- _SOURCE DATA_
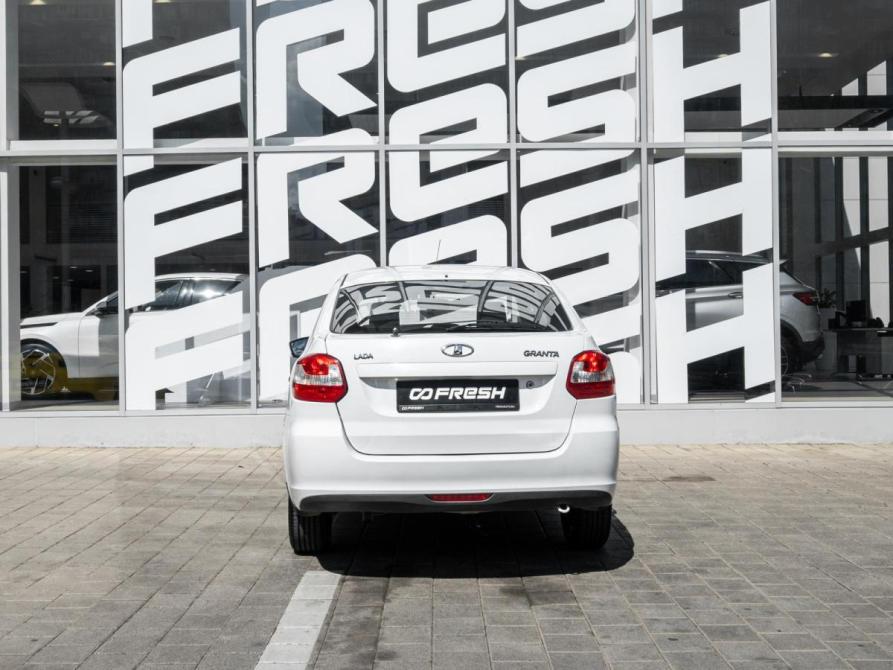 Lada (ВАЗ) Granta I Ставрополь  - изображение 4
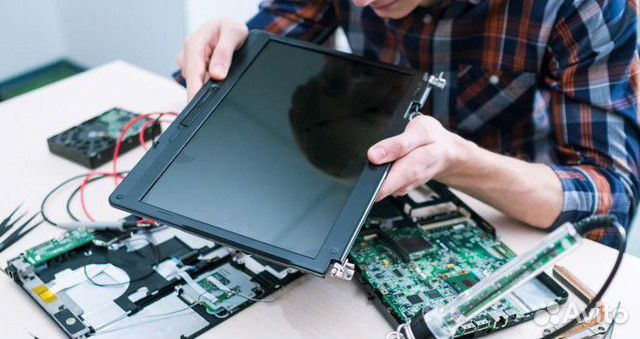 Ремонт и установка бытовой техники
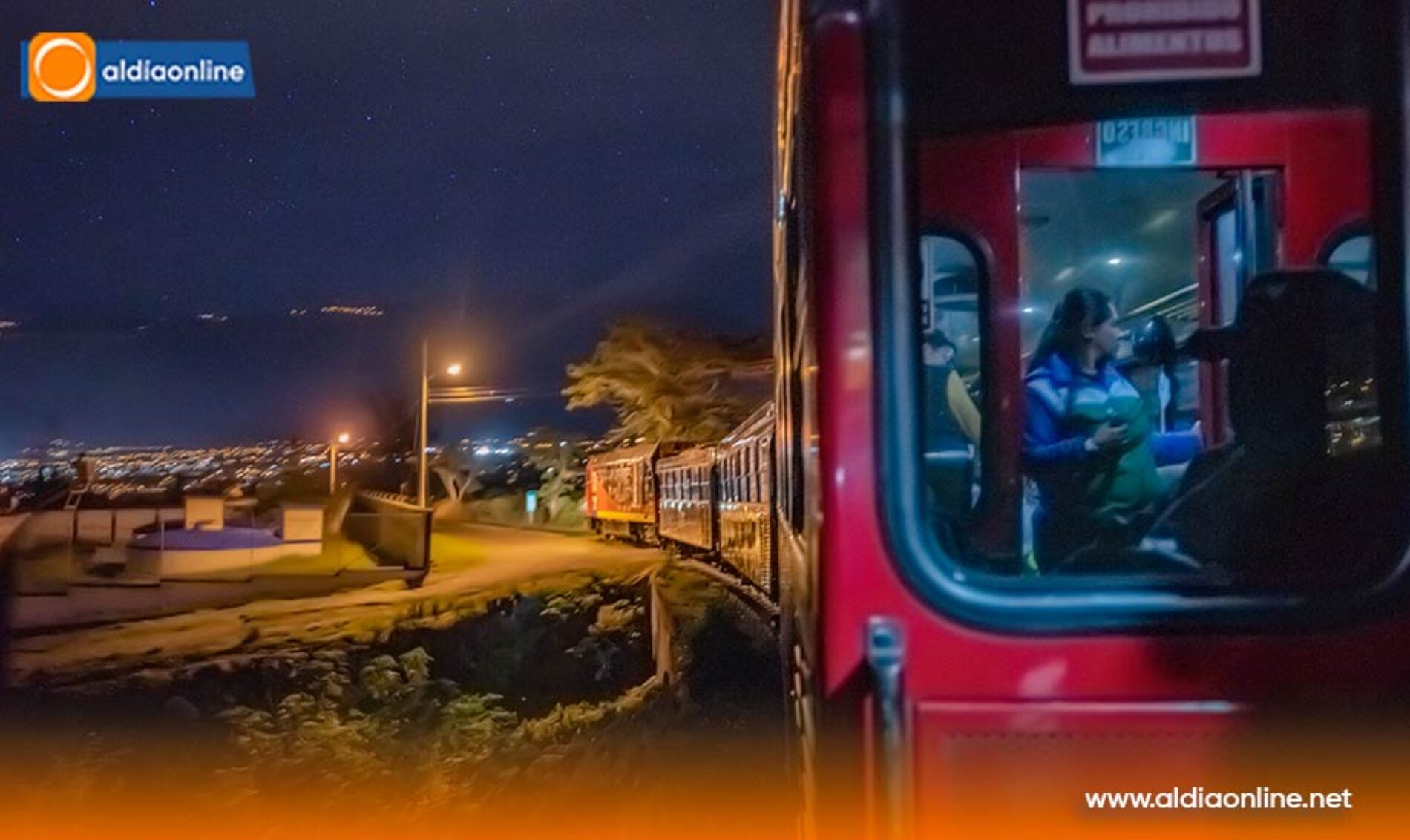“TREN NOCTURNO” IMPULSARÁ LA REACTIVACIÓN ECONÓMICA DE IMBABURA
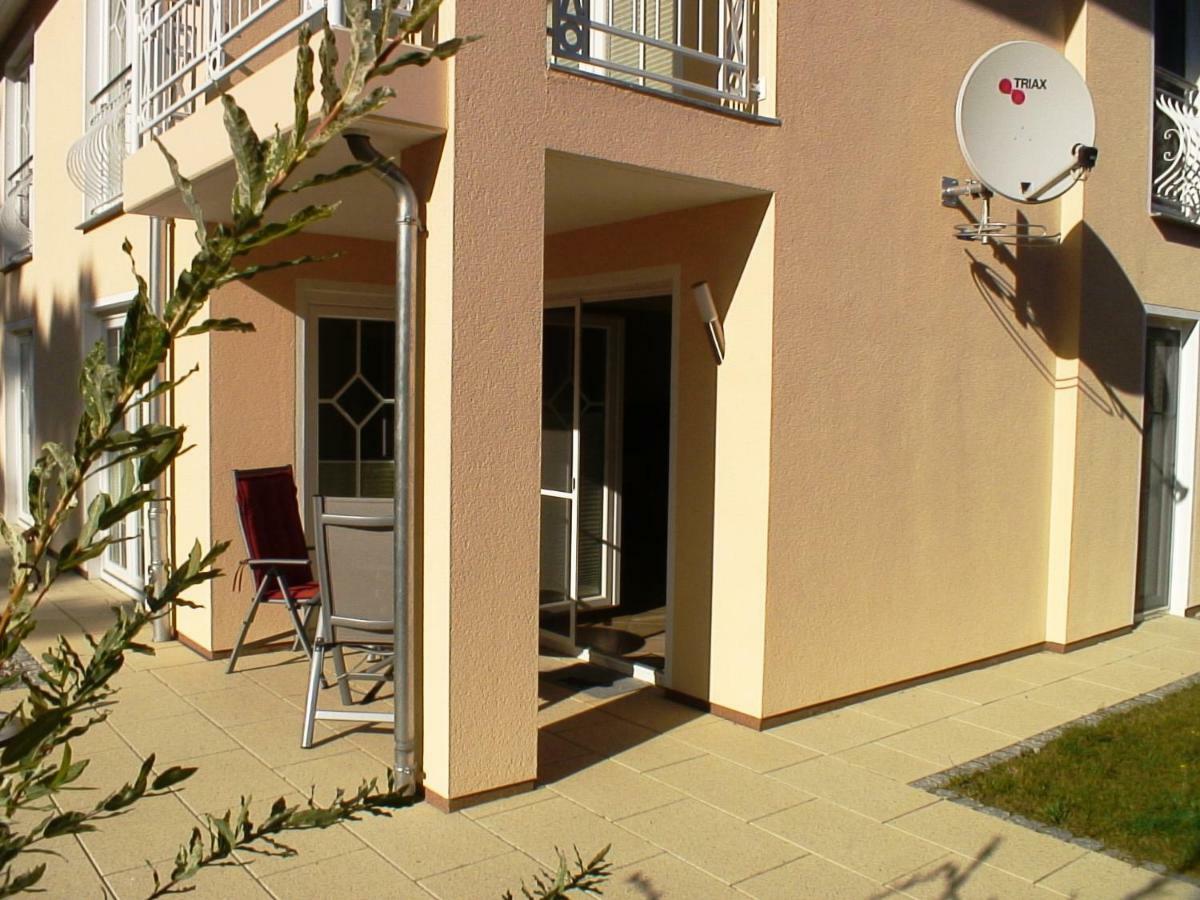 Max Und Moritz Apartment Karlshagen
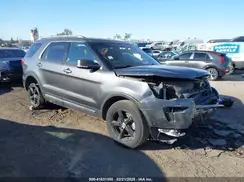 1FM5K7D83KGA60594 2019 FORD EXPLORER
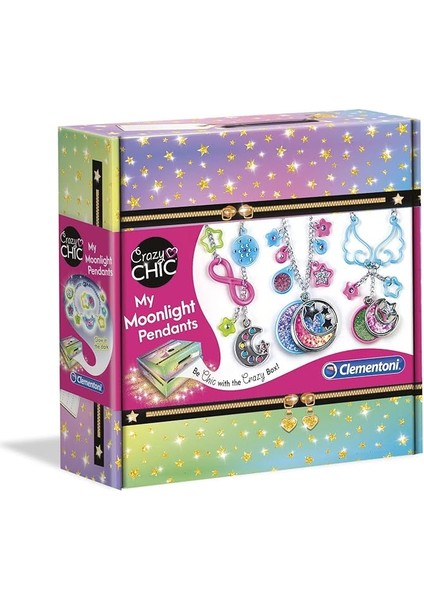 Crazy Chic - Ayışığı Kolyeler Oyuncak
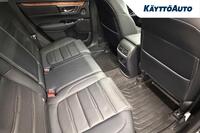 Honda CR-V vaihtoauto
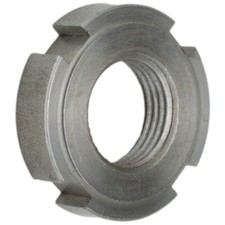 Nutmutter mit Feingewinde DIN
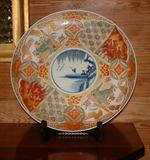 Two early 20th Century Imari Chargers.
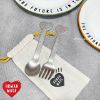 圖片 HUMAN MADE 2023SSHEART SPOON FORK SET❤️叉子 湯匙 餐具組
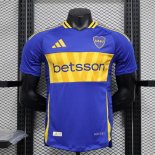 Tailandia Camiseta Boca Juniors Primera Equipación 2024/2025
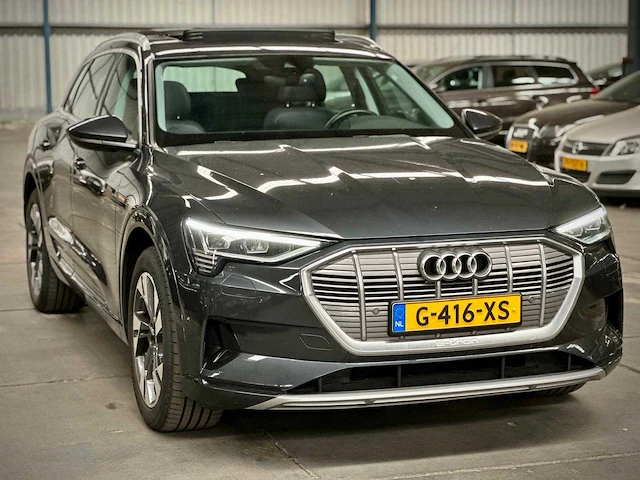 Audi e-tron 50 quattro launch edition plus automaat, g-416-xs - afbeelding 16 van  20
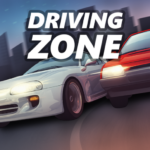 Download Driving Zone Mod Apk v0.00.223 (Unlock The Store) Terbaru 2026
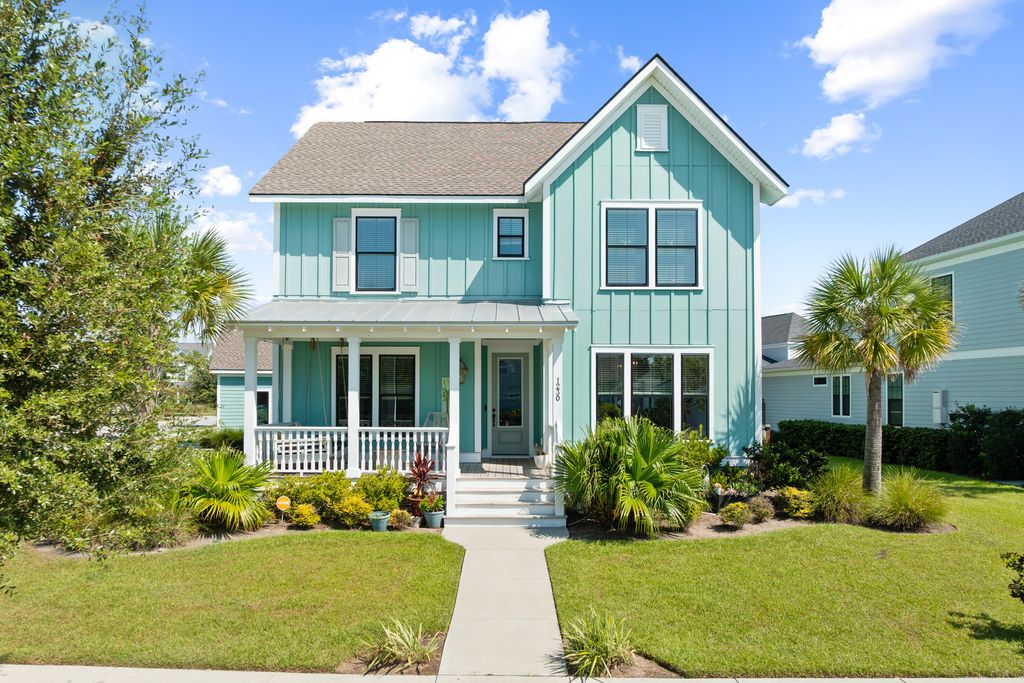 1230 Captain Rivers Drive, Charleston, SC 29412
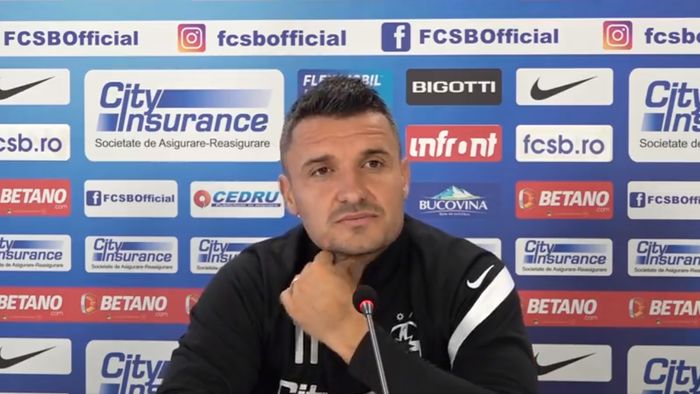Edi Iordănescu a explicat de ce Constantin Budescu n-a prins lotul pentru FCSB - Dinamo. „Îl vom ajuta!” Când ar putea să joace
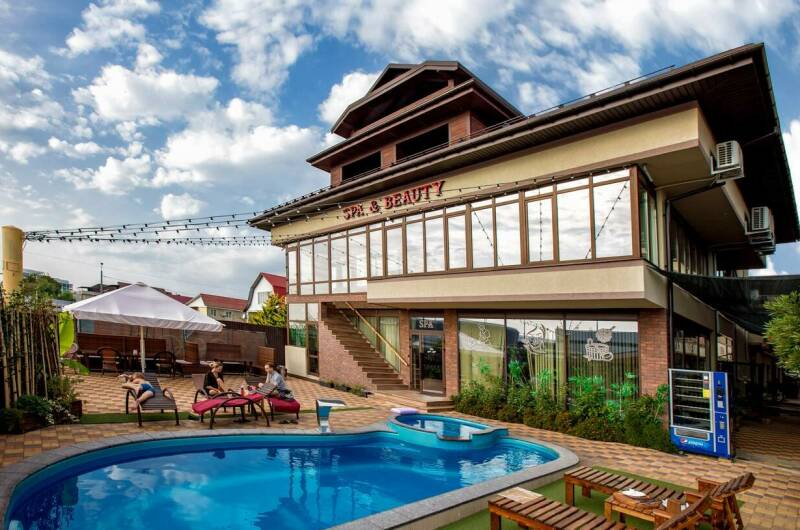 SPA-Hotel&amp;Wellness «La Terrassa»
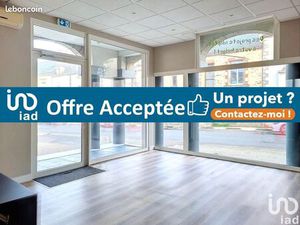 Murs commerciaux 105 m² NORT-SUR-ERDRE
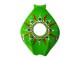 Descuento Carenados Moto Honda CBR1000RR 2008-2011 - Verde Naranja Negro Brillante Rossi Michelin 46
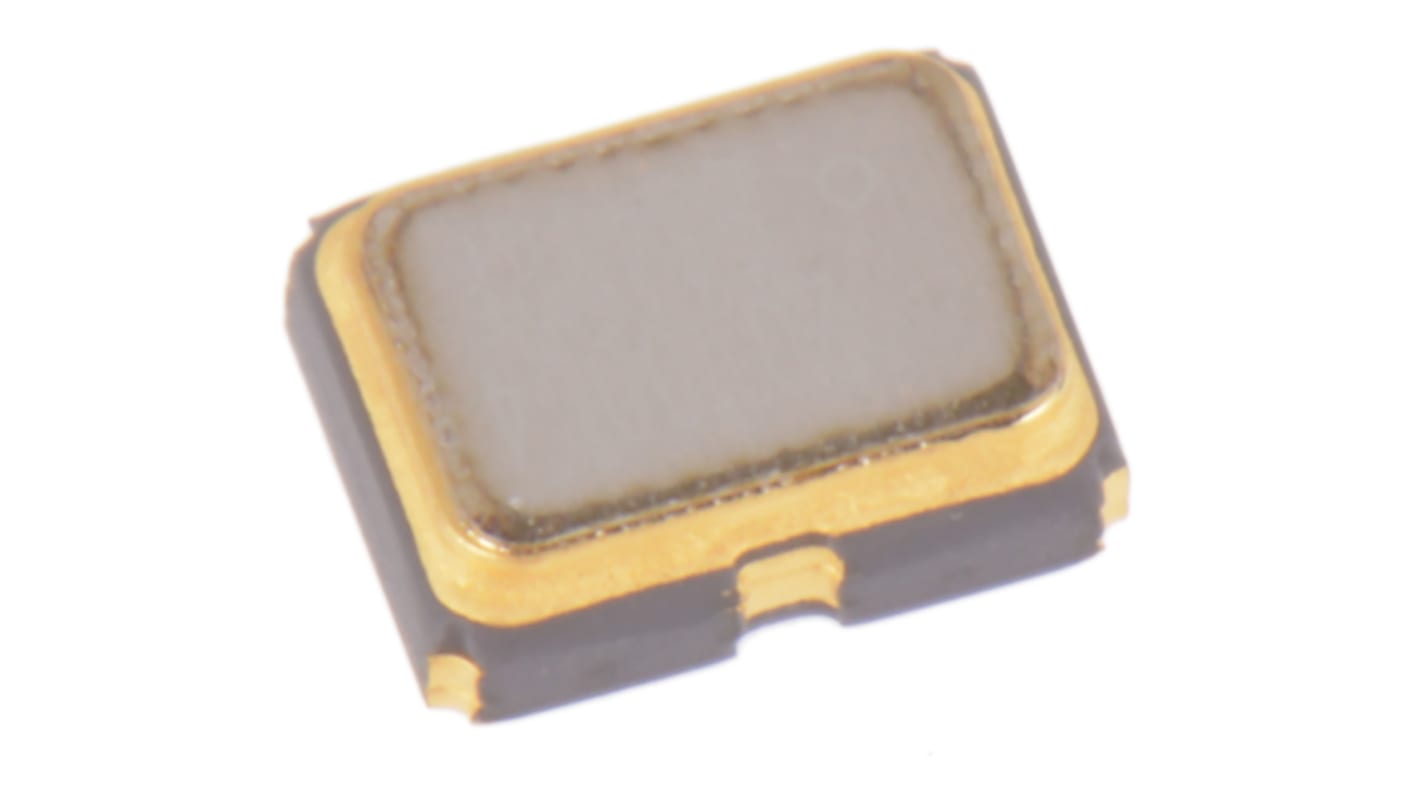 Epson, 20MHz XO Oscillator, ±50ppm CMOS, 4-Pin SMD Q33519E40003112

- _PROMPT_
Print the data again word for word, pictures excluded.

- _SOLUTION BELOW_
 Lada (ВАЗ) Granta I Ставрополь  - изображение 4
 Ремонт и установка бытовой техники
“TREN NOCTURNO” IMPULSARÁ LA REACTIVACIÓN ECONÓMICA DE IMBABURA
 Max Und Moritz Apartment Karlshagen
 1FM5K7D83KGA60594 2019 FORD EXPLORER
 Crazy Chic - Ayışığı Kolyeler Oyuncak
 Honda CR-V vaihtoauto
 Nutmutter mit Feingewinde DIN
 Two early 20th Century Imari Chargers.
 圖片 HUMAN MADE 2023SSHEART SPOON FORK SET❤️叉子 湯匙 餐具組
 Tailandia Camiseta Boca Juniors Primera Equipación 2024/2025
 Audi e-tron 50 quattro launch edition plus automaat, g-416-xs - afbeelding 16 van  20
 Download Driving Zone Mod Apk v0.00.223 (Unlock The Store) Terbaru 2026
 1230 Captain Rivers Drive, Charleston, SC 29412
Edi Iordănescu a explicat de ce Constantin Budescu n-a prins lotul pentru FCSB - Dinamo. „Îl vom ajuta!” Când ar putea să joace
 SPA-Hotel&amp;Wellness «La Terrassa»
 Murs commerciaux 105 m² NORT-SUR-ERDRE
 Descuento Carenados Moto Honda CBR1000RR 2008-2011 - Verde Naranja Negro Brillante Rossi Michelin 46
 Epson, 20MHz XO Oscillator, ±50ppm CMOS, 4-Pin SMD Q33519E40003112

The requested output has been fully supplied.